Three large-scale works employing technical processes of data gathering, modeling and fabrication connect science and political power. Cloud Prototype No. 1 (2003) used atmospheric data to create a gargantuan, amorphous titanium-alloy and fiberglass sculpture capturing the fleeting form of a thundercloud; its frozen quality and resemblance to a nuclear blast cloud evoke liminal, transformative moments between benign and perilous, progress and destruction. Phantom Truck (Documenta 12, 2007) was a physical realization of the biological weapons lab described (but never validated) in Colin Powell's 2003 United Nations speech leading up to the U.S. invasion of Iraq. Manglano-Ovalle built the vaguely industrial, container-like structure using computer renderings based on satellite images, State Department renderings and descriptions in Powell's speech. Displayed in a darkened gallery, the barely visible form was described by curator Elizabeth Armstrong as evoking the shadowy political camouflage that inspired it—"a chilling encounter with a fabrication of a falsehood." Prototype for Re-Entry (2015) is an enlarged (36-foot) version of Brancusi's iconic Bird in Space sculpture suspended in flight that was commissioned for a U.S. Food and Drug Administration building that was once the site of a post-World War II weapons laboratory. It uses the site's historical role and the aesthetics of Brancusi's work as points of departure to investigate the parallel searches of modern art and science/weapons development for perfection; the project included a (successful) aerodynamics test of a reproduction of the sculpture in the site's still-active hypervelocity wind tunnel.

In later multi-component works, Manglano-Ovalle returned to ecological themes, resource extraction and coal and deforestation. His permanent 2013 public work, Weather Field No. 1, is a kinetic array of weather vanes and anemometers for Tongva Park in Santa Monica, California. The installation Well (2014–5) comprises an exhibition and permanent work of land art in Santa Clara Pueblo, New Mexico in which Manglano-Ovalle installed stainless steel hand pumps to manually extract water from aquifers below for public consumption. It explores the issue of water extraction while reframing minimalist and readymade art conventions by maintaining its object's utilitarian function.

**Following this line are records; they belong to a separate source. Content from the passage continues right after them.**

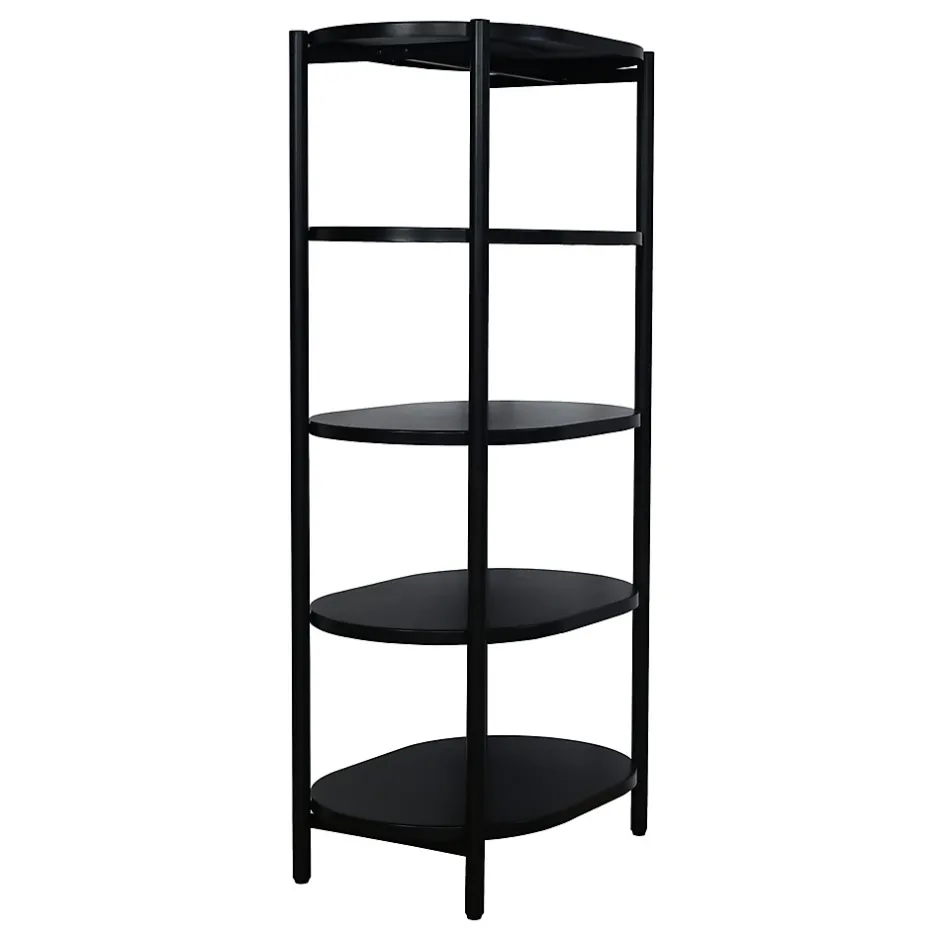Homesight Meuble colonne de salle de bains 5 niveaux en métal noir mat l.55 x H.116 x P.37,5 cm, Pao* Colonne De Salle De Bains
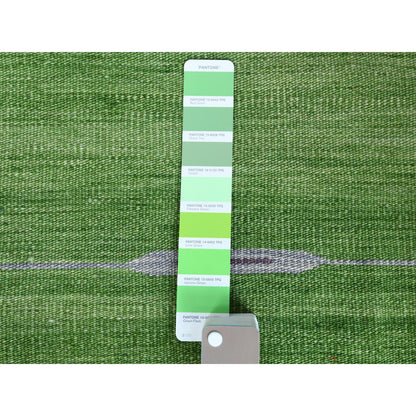 Flat Weave Wool Hand Woven Rug Green No Border 6.2X9.2 -O060095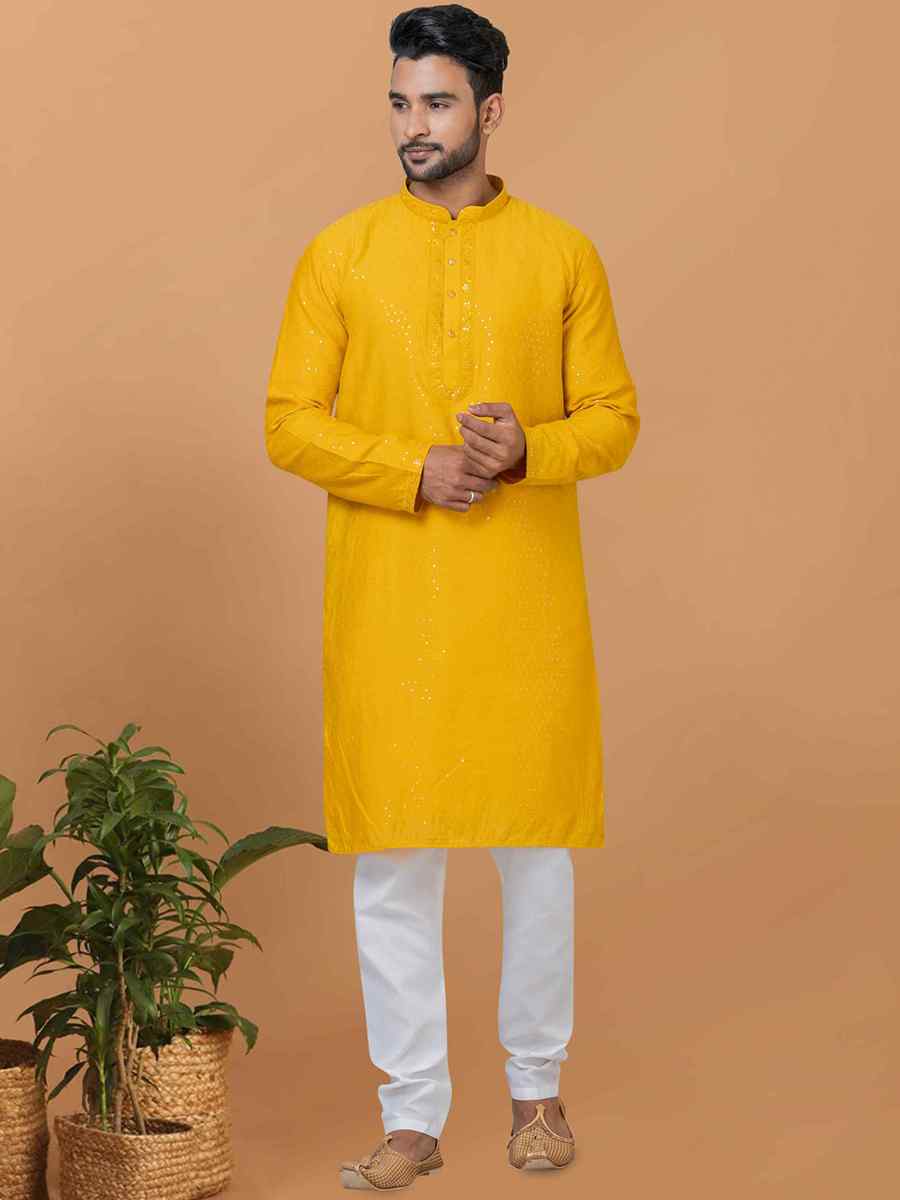 Yellow Viscose Cotton Embroidered Festival Wedding Kurta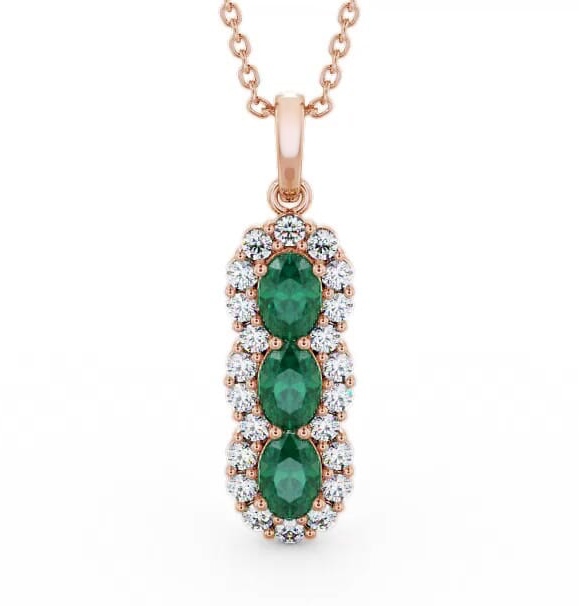 Drop Style Emerald and Diamond 2.22ct Pendant 9K Rose Gold PNT48GEM_RG_EM_THUMB1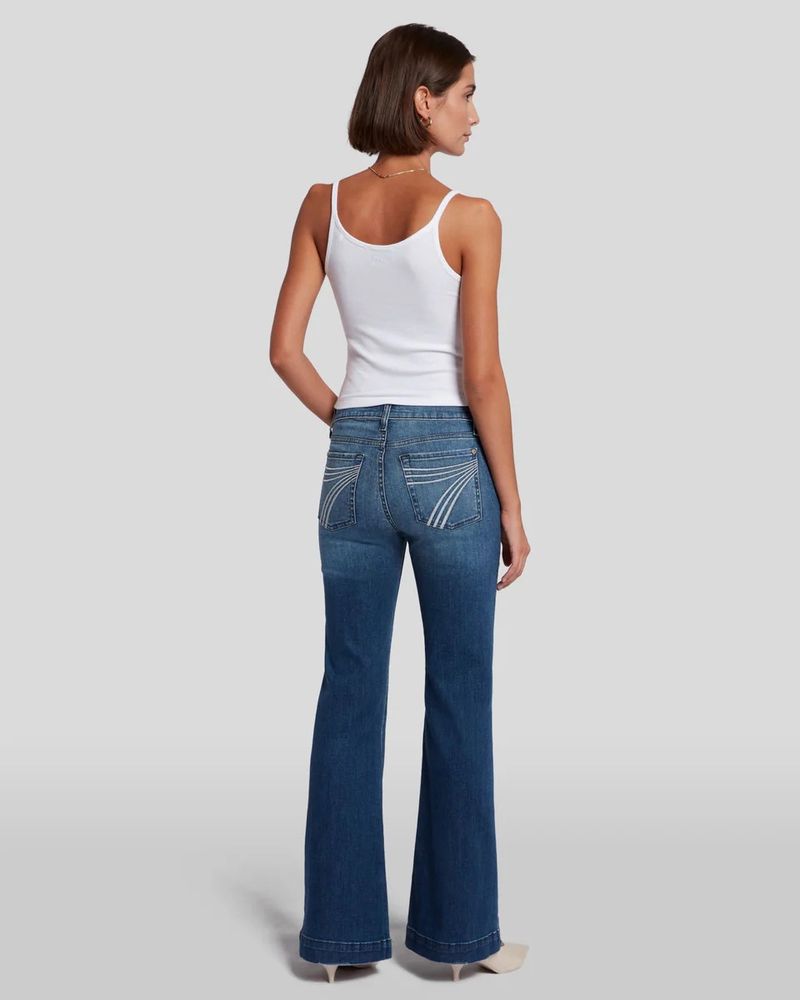 Dametøj Stretch Mellemhøj Talje Flared Jeans Plus Size Stretch Mellemhøj_voghion.com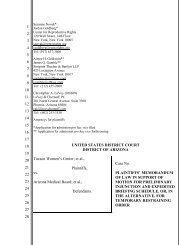 Tucson Women's Center v. Arizona Medical Board: Memorandum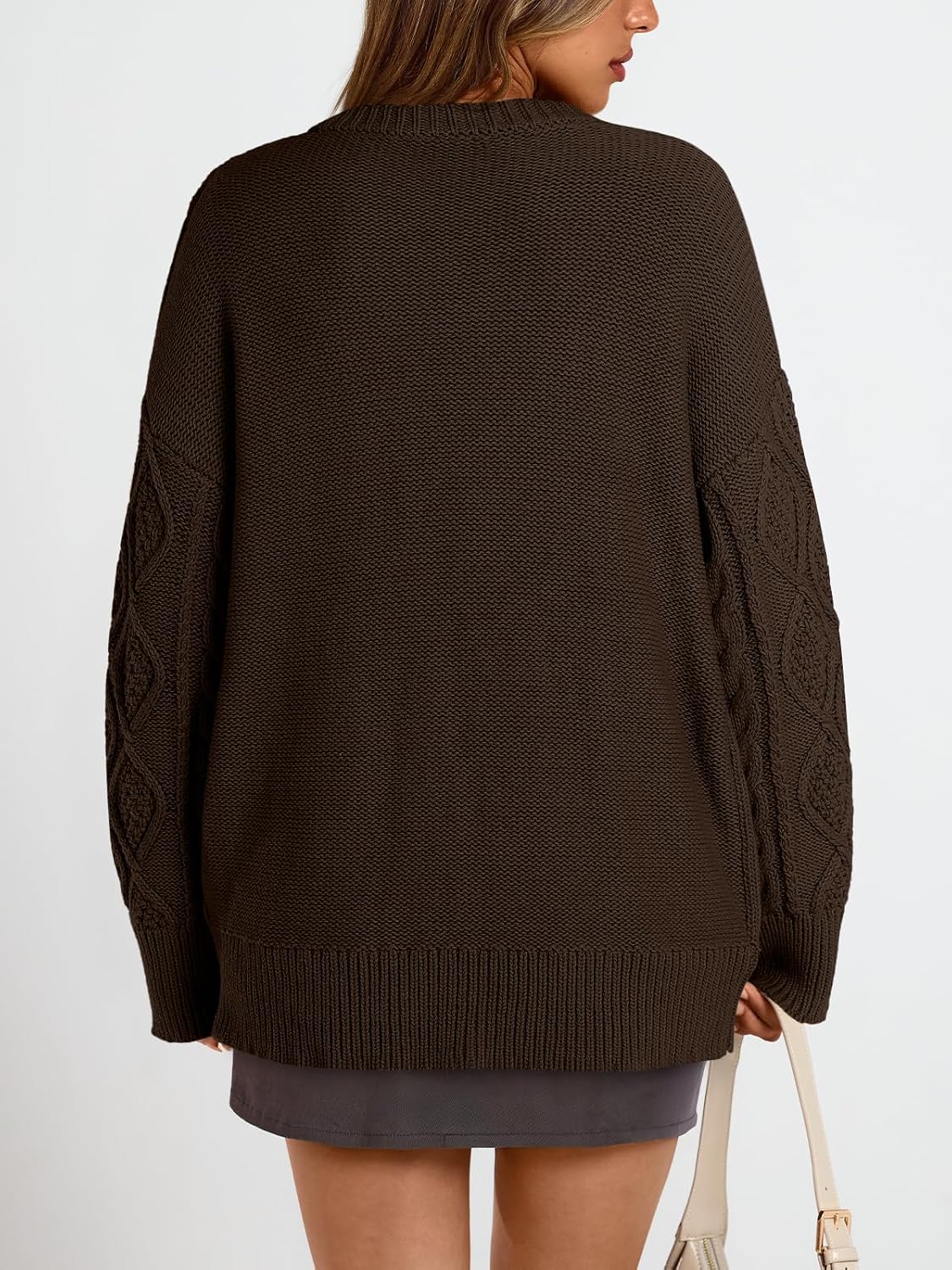 Thumbnail 3 de Trendy Queen TRDOSSE1008 Oversized Cable-Knit Sweater, Cotton-Acrylic Blend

==Recognition and collections==
Manglano-Ovalle has received fellowships from the John Simon Guggenheim Memorial Foundation (2009), MacArthur Foundation (2001), United States Artists (2011), and National Endowment for the Arts (1995), as well as a Wexner Center for the Arts Media Arts Award (1997–2001) and Artadia Award (2008), among others. His work belongs to the public collections of forty institutions, including the Solomon R. Guggenheim Museum, Art Institute of Chicago, Whitney Museum, Berkeley Art Museum and Pacific Film Archive, Library of Congress, Museo de Arte Contemporane (Bilbao), Museo Nacional Centro de Arte Reina Sofia, Museum of Contemporary Art, Chicago, Museum of Contemporary Art San Diego, Museum für Moderne Kunst, National Gallery of Victoria, and Stedelijk Museum voor Actuele Kunst (SMAK).